Je n’avais jamais lu de témoignages de soldats de la classe 11 célébrant le jour théorique de sa libération, au front. Une attaque en octobre 1914, la destruction du fort de Troyon, les combats sur les Hauts de Meuse donnent un aperçu de la richesse dès le début. Ce téléphoniste semble avoir noté tout ce qui était nouveau mais aussi ce qui sortait de l’ordinaire : les ballons d’observation, les avions, les minens, le village « africain » dans la forêt, le canon de 75, les massacres commis par les Allemands, la vaccination antityphoïdique, les peaux de mouton, les armes (canon-revolver allemand dont on n’entend pas le coup de départ, les premiers crapouillots), l’inexpérience des soldats du Midi, l’absence de nouvelles de sa famille restée bloquée à Saint-Quentin, l’absence d’aide financière. Je continue ? La réparation des lignes téléphoniques coupées, ses différentes missions, comment il échappe à la capture d’un bataillon, les risques pris à de multiples reprises au cours du conflit, une journée horrible en avril 1915, comment son évacuation pendant 6 jours a vu la mort de ses remplaçants dans son abri… Revue devant Joffre, remises de décorations, premières permissions, combats dans les différents secteurs occupés, travaux, les détails abondent, y compris sur des éléments peu abordés comme ces rencontres en fraude de sa famille en 1918, les chars, les gaz, et les nombreux bombardements. Et puis, il y a les différentes batailles auxquelles le régiment participe : l’Argonne, Verdun, la Somme pour n’en citer que trois.

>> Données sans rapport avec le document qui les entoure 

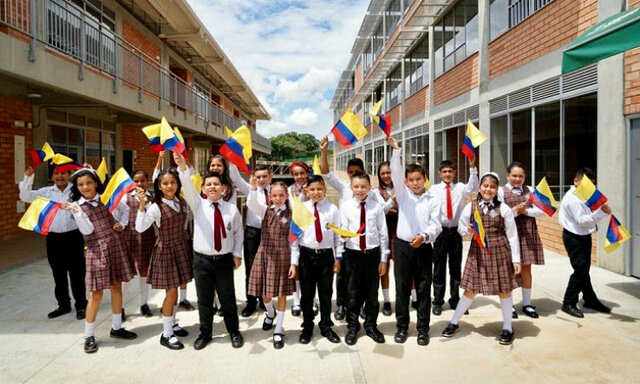 mediante la educación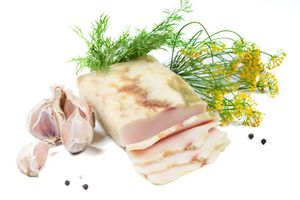 Сало домашнее с чесноком (САВА).jpg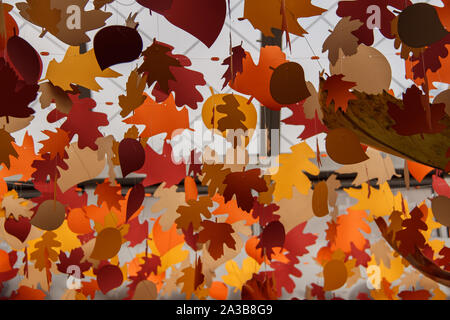 Festliche Dekoration mit bunten Blätter im Herbst. Herbst - Hintergrund. Stockfoto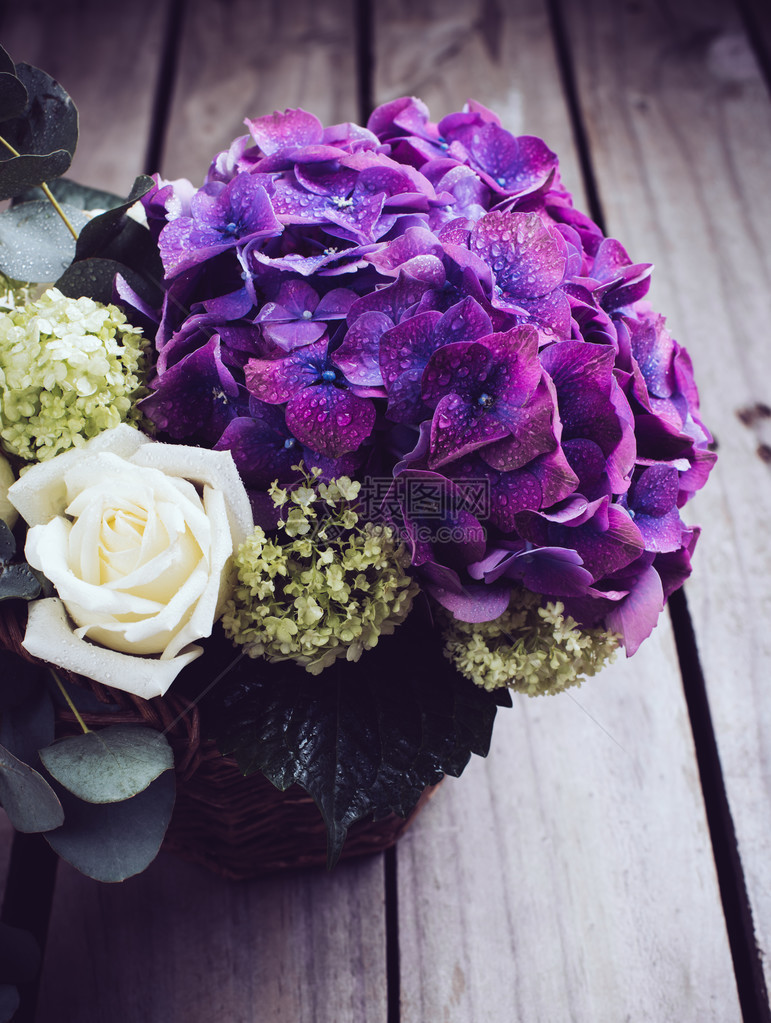 盛满鲜花紫丁兰花和白玫瑰的一束大花束图片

  • En guise de conclusion

De tous les témoignages lus, cette réécriture fut la plus frustrante. D’une richesse rare, le récit est inutilisable tant on se demande à chaque page ce qui est de la plume du père et ce qui est de la plume du fils. En espérant que les originaux soient un jour publiés ou au moins mis à disposition d’une manière quelconque.